In economics, the standard political economy approach to explaining trade policy assumes that individuals and firms, who may organise into interest groups, are motivated exclusively by considerations of economic self-interest to prefer particular trade policies as are the politicians responding to them (Baldwin 1996). Key trade policy measures such as reducing levels of import protection or becoming a member of a trade bloc result from the balance of political forces motivated by economic self-interest to support or reject these measures (Baldwin and Baldwin 1996). In political science, public choice analysis attributes motivations to core trade policy constituencies such as farmers, business firms and consumers based exclusively on economic self-interest, while assigning a political calculus to politicians based exclusively on political self-interest (George Mulgan 2008b).
Even economists, however, concede that trade policy preferences cannot be fully explained by the self-interest model, pointing to the broad social concerns that underpin the trade policy preferences of voters and public officials (Baldwin 1996; Baldwin 1989). This approach argues that trade policy can be explained mainly by the government’s concern for the welfare of certain social and economic groups and by its desire to advance particular national and international goals, which are also endorsed by the general public (Baldwin 1989). Among the most widely discussed are goals relating to the maintenance of the existing distribution of income, or to enhancing the power of the nation-state by pursuing trade alliances (Baldwin 1989). This approach allows for more diverse motivations beyond the assumptions of economic or political self-interest, such as ethical considerations and the desire to promote the public good, including genuine ambitions to advance the interests of the nation-state in the international community.
The integrative political-economy framework introduced in this chapter builds on these approaches by adopting a broadly conceived interest-based perspective in which interests are divided into ‘sectoral’ and ‘state’. ‘Sectoral’ interests are associated with specific producer groups such as farmers and manufacturers as well as with wider socio-economic sectors such as consumers, regional dwellers and taxpayers. ‘State interests’, on the other hand, refer to benefits that accrue to the whole nation-state, not to particular sections or sectors. They can be further sub-divided into ‘domestic’ and ‘external’.
Domestic state interests encompass collective economic goals such as economic growth and national prosperity as well as broader social concerns such as environmental conservation and social welfare. They relate to the interests of the nation-state with a domestic focus. External state interests, on the other hand, are the interests of the nation with an international focus. They can be embedded in and pursued through trade policy and are not necessarily restricted to narrowly defined trade goals. They include objectives such as expanding international economic and political influence, exercising regional and global trade leadership and strengthening alliance relationships.

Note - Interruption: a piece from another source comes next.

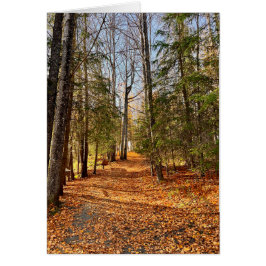 Soldotna Bäck Park Höst - 5 x 7-tums bildkort - 5  Hälsningskort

This approach adopts a wider lens for viewing the interests that might find expression in trade policy. It also acknowledges that government decision-makers can be motivated to respond to sectoral interests, but they can also seek to advance the broader societal and international interests of the state in formulating trade policy (George Mulgan 2008b). Trade policymaking will inevitably involve a balancing of diverse interests, some of which will conflict while others will be mutually reinforcing.
The analytical framework outlined here discards the theoretical assumption of self-interest. It is based on the premise that both government and non-government actors can pursue sectoral, societal and international interests either for reasons of their own self-interest or out of concern for the wider national benefit. The following sections illustrate the framework by identifying the range of interests – both sectoral and state – that key Japanese trade policies advance.
Sectoral interests
Trade liberalisation without agriculture
Perhaps the most distinctive, enduring and internationally contentious feature of Japanese trade policy is a continuing reluctance to liberalise agricultural trade. Japan has concluded a series of trade agreements without fully opening its agricultural market. It has insisted on maintaining high levels of agricultural protection by negotiating exemptions, exclusions and other special arrangements for so-called ‘sensitive products’ (juyo hinmoku) such as rice, dairy products, beef, pork and others. ‘Sensitive’ in this context means ‘politically sensitive’ (Urata 2014), reflecting the sectoral interests of Japan’s small-scale, internationally uncompetitive agricultural producers as well as the interests of regional dwellers more broadly, particularly in areas of declining population and economic contraction.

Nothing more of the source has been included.